There is an enormous number of managers who have retired on the job. İşe emekli olan çok sayıda yönetici var.
The computer is a moron. Bilgisayar bir moron.
The individual is the central, rarest, most precious capital resource of our society. Birey toplumumuzun merkezi, nadir, en değerli sermaye kaynağıdır.
In business school classrooms they construct wonderful models of a nonworld. İşletme okulu sınıflarında, dünya dışı dünyanın harika modellerini inşa ediyorlar.
Unless commitment is made, there are only promises and hopes... but no plans. Taahhüt yapılmazsa, sadece vaatler ve umutlar var ... ama planlar yok.
Leadership is not magnetic personality--that can just as well be a glib tongue. It is not `making friends and influencing people`--that is flattery. Leadership is lifting a person`s vision to higher sights, the raising of a person`s performance to a higher standard, the building of a personality beyond its normal limitations. Liderlik manyetik bir kişilik değildir - bu bir glib dili olabilir. 'Arkadaş edinmek ve insanları etkilemek' değildir; Liderlik, bir kimsenin daha yüksek manzaralara vizyonunu, bir kişinin performansını daha yüksek bir standarda yükseltmek, bir kişiliğin normal sınırlamalarının ötesine geçmesini sağlamaktır.
The most important thing in communication is to hear what isn`t being said. İletişimdeki en önemli şey söylenmeyen şeyi duymaktır.
Time is the scarcest resource and unless it is managed nothing else can be managed. Zaman en kıt olan kaynaktır ve yönetilmediği sürece başka hiçbir şey yönetilemez.
When a subject becomes totally obsolete we make it a required course. Bir konu tamamen eski hale geldiğinde onu zorunlu bir kurs haline getiriyoruz.
Effective leadership is not about making speeches or being liked leadership is defined by results not attributes. Etkili liderlik konuşma yapmakla ilgili değildir veya liderlik olmak, nitelikler olmayan sonuçlar ile tanımlanır.

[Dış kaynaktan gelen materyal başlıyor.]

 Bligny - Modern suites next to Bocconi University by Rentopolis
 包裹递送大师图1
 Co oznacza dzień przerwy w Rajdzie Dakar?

Management means, in the last analysis, the substitution of thought for brawn and muscle, of knowledge for folkways and superstition, and of cooperation for force. It means the substitution of responsibility for obedience to rank, and of authority of performance for the authority of rank. Whenever you see a successful business, someone once made a courageous decision. Yönetim, son analizde, kaslı ve kaslı düşüncelerin, halk ve batıl inançların ve güç için işbirliğinin bilgisinin yerini alır. Bu, itaat etme sırasındaki sorumluluğun ve sıradaki otorite için performans otoritesinin değiştirilmesi anlamına gelir. Başarılı bir iş gördüğünüzde, bir zamanlar birileri cesur bir karar aldı.
Plans are only good intentions unless they immediately degenerate into hard work. Planlar, yalnızca hemen yoğun bir şekilde yozlaşmaya başlamadıkça iyi niyetlerdir.

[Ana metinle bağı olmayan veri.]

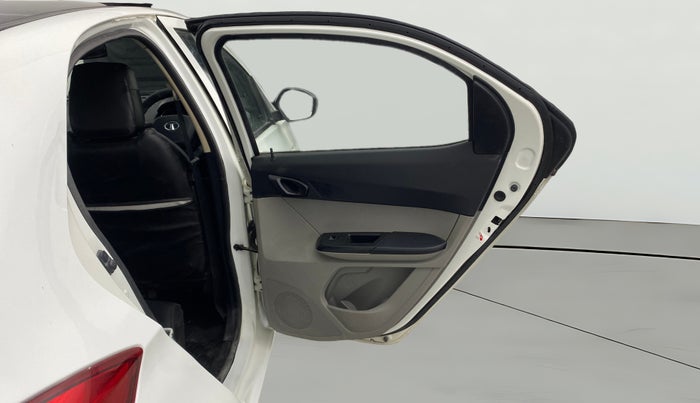 2019 Tata Tiago XM PETROL, Petrol, Manual, 23,621 km, RHS Rear Door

In all recorded history there has not been one economist who has had to worry about where the next meal would come from. Kaydedilen tüm tarihte, bir sonraki yemeğin nereden geleceği konusunda endişelenmesi gereken bir ekonomist olmamıştır.
So much of what we call management consists in making it difficult for people to work. Yönetim dediğimiz şeylerin çoğu, insanların çalışmasını zorlaştırmaktan ibarettir.
by Peter Drucker (Türkçe çeviriler bilgisayar tarafından yapılmıştır.)
İngilizce Özlü Sözler
Tanınmış kişiliklerden İngilize sözler ve Türkçe karşılıkları.